There has been no indication that the Kremlin would accept such a demand. Last month, President Valdimir Putin recognised the independence of the LPR, but almost all of the word considers it to still be part of Ukraine.
Speaking to journalists on Sunday, Leonid Pasechnik said that he thought “in the near future a referendum will be held in the republic, where people will exercise their absolutely constitutional right, and give their opinion with respect to joining Russia.” The official added that he was “somehow sure that’s precisely the way it will be.”
Commenting on the possibility of such a vote in the LPR, Russian Senator Andrey Klishas said on Sunday that both Lugansk and Donetsk had the right to seek to join Russia unless such a move ran counter to their constitutions.
However, Leonid Kalashnikov, who chairs the Russian Duma’s committee on the Commonwealth of Independent States Affairs, Eurasian Integration and Relations with Compatriots, has warned that “now is not the right moment” for holding a referendum in the republic.

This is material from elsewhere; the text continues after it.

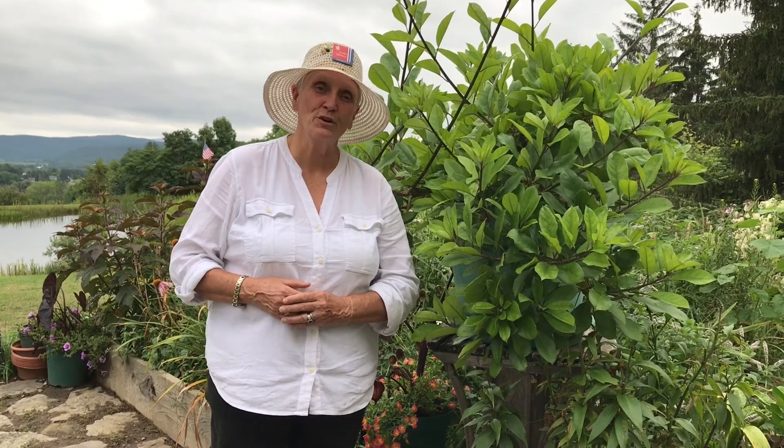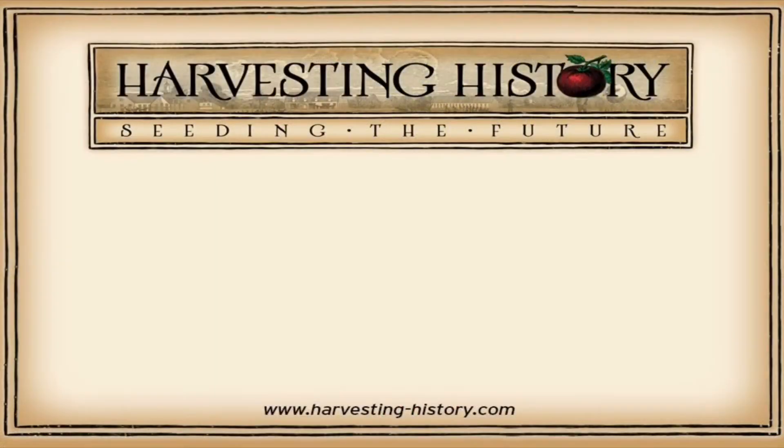So good luck with bringing your plants inside and keep up the gardening. If you have enjoyed this video, please come to our website www.harvesting-history.com where you can purchase heirloom non-GMO vegetables, flowers, and herbs. Please like, subscribe, and share our channel with your friends. On the left side of your screen is our most recent video, and on the right side of your screen is one of our playlists. We are Harvesting History, seeding the future.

Kalashnikov argued that “you hardly need to bother with such questions when destiny is being determined on the frontline.”
Both the Donetsk People’s Republic (DPR) and the LPR declared independence in 2014 following a violent coup in Kiev. Both territories are predominantly Russian-speaking, and fears were growing at the time that nationalist elements in the new Ukrainian government would persecute ethnic minorities. Ukraine branded the two breakaway republics separatists and launched an ‘anti-terrorist operation,’ deploying its military to regain control, which resulted in a bloody war. The armed hostilities ended in February 2015 with the signing in the Belarusian capital of the so-called Minsk II peace agreement, brokered by Germany and France.

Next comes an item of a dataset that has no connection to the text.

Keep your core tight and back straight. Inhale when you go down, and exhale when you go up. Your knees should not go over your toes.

The accord demanded that both the Ukrainian military and separatists cease fire and put an end to clashes, which had turned the region into a conflict zone. The document also called for major administrative and political reform in Ukraine as well as autonomy and local elections for the Donbass republics. However, the implementation of the agreement was stalled, with the two sides blaming each other for the lack of progress.
In mid-February 2022, the DPR and LPR began reporting an uptick in Ukrainian artillery shelling – something which forced the Donbass republics to ask Russia for official recognition, as their respective leaderships claim. On February 21, Moscow recognized both republics as independent states, signing friendship treaties with Donetsk and Lugansk. However, parts of the Donetsk and Lugansk regions declared by the two republics as their own in their respective constitutions were still under Ukraine’s control.

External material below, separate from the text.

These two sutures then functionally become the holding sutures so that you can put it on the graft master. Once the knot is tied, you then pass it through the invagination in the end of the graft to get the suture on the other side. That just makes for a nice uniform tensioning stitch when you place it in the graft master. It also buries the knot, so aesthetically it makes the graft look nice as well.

On February 24, Putin launched a military offensive in Ukraine. The Russian head of state insisted that the neighboring state had to be “demilitarized and denazified,” claiming that far-right militias, which had permeated the Ukrainian government, were supposedly aiming to carry out a genocide of the Russian-speaking population of the Donbass. Ukraine and its allies dismissed Putin’s allegations as a mere pretext, accusing Moscow of waging “unprovoked” aggression against a sovereign state.